The invention relates to antennas, and in particular to wideband antennas, including Yagi array antennas.

BACKGROUND ART

Antennas for wideband operation are highly desired for wireless digital data transmission in industries such as mobile telephone and computer networking. Most advances in this area have centered around microstrip arrays, since these arrays can be readily fabricated for microwave frequencies using well-established methods for making printed circuit boards. Most of these arrays have elements with rectangular or other solid geometrical shapes arranged in a coplanar array.

U.S. Pat. No. 5,510,803 issued to Ishizaka et al. teaches a microstrip array having dual- polarization properties. Patch elements are located in a coplanar array, and the elements are fed through slots from a feed patch located on the other side of the slot. The structure allows switching polarization to either horizontal or vertical mode.

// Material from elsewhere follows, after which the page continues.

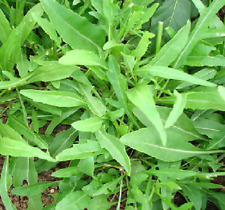 Rucola feuilles olivier d'occasion  Expédié en France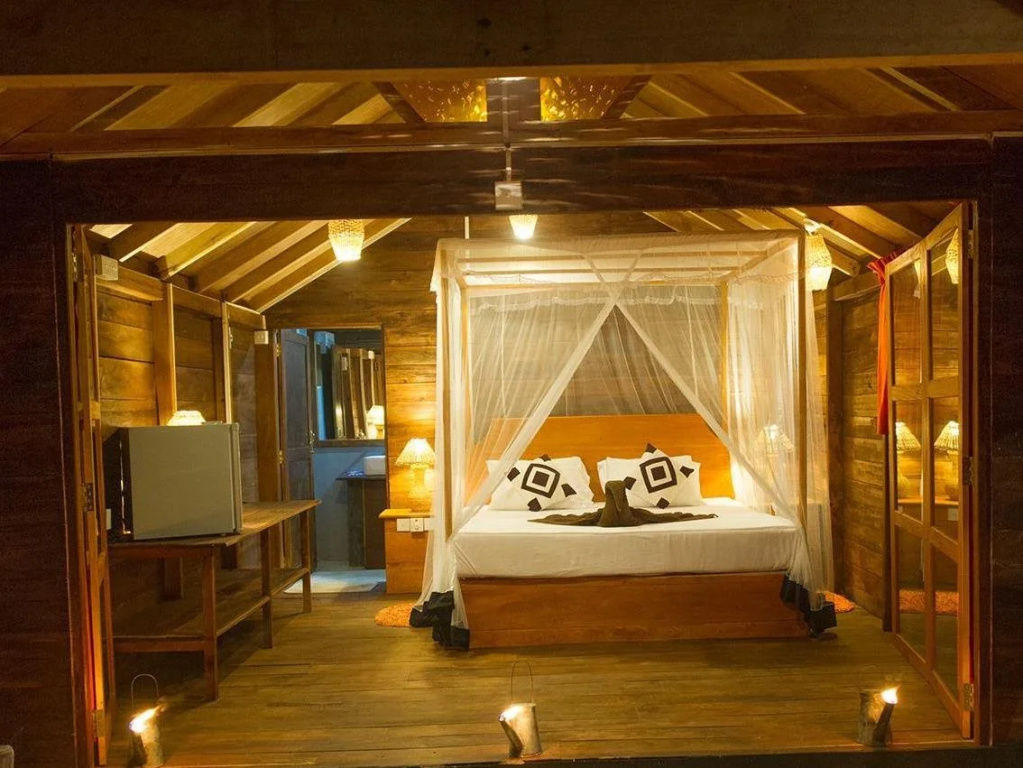 Sinharaja Rainforest Vibe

While microstrip designs for microwave operation have many desirable features, these arrays in general are bulky and unwieldy when used at lower frequencies. In addition, the use of a number of solid patch element arranged in a coplanar configuration would present a large wind load, requiring additional mechanical reinforcement far beyond that required for electrical operation.

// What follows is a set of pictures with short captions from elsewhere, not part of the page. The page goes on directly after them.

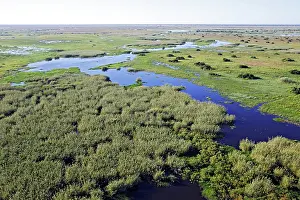 Bangweuleu: Bangweuleu marshes - aerial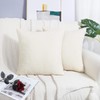 BRAWARM Chenille Throw Pillow Covers 22x22 Inches - Pack of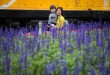 難得薰衣草花開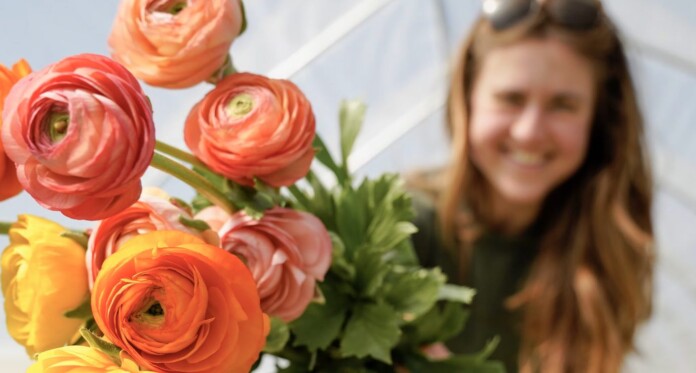 summer flowers giving friends cheering up-pubdomain Zoe Schaeffer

At lower frequencies, Yagi antennas are a popular thin wire array, due to their high gain relative to array length and their ease of construction. Yagis typically trade bandwidth for gain however, and are usually designed for a single operating frequency. Thus, antennas for wideband operation, e.g. for television or FM band reception, usually are log periodic dipole arrays.

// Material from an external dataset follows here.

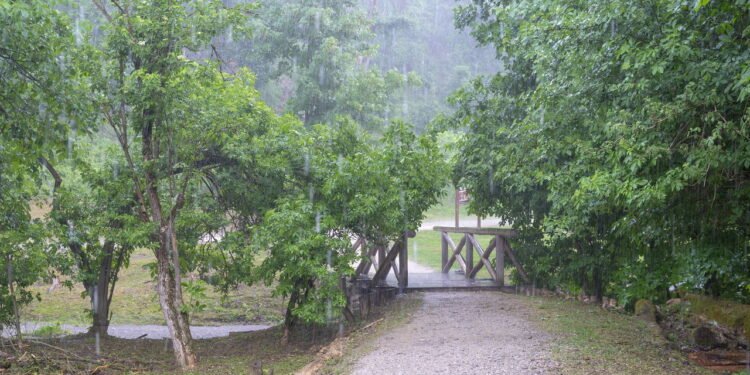 As chuvas são presenças constantes em muitas partes do Brasil - depositphotos.com / woyzzeck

U.S. Pat. No. 6,593,866 issued to Schantz teaches the use of a planar loop for impulse radio communications. It teaches a circular or teardrop-shaped loop, with an outer edge having a length related to the longest wavelength handled by the device and an inner edge related to the shortest wavelength handled by the device, although the exact relationship is not disclosed. More importantly, the mean circumferential length (i.e. the length of a line located midway between inner and outer edges) of the radiating element is equal to one-half the center wavelength of the range of signals “efficiently” handled by the device. The antenna portion is therefore operated as an electrically short loop antenna; this is confirmed by further teaching in Schantz showing that the device radiates mainly in the plane of the loop, rather than transverse to it as in a full wavelength, resonant loop antenna.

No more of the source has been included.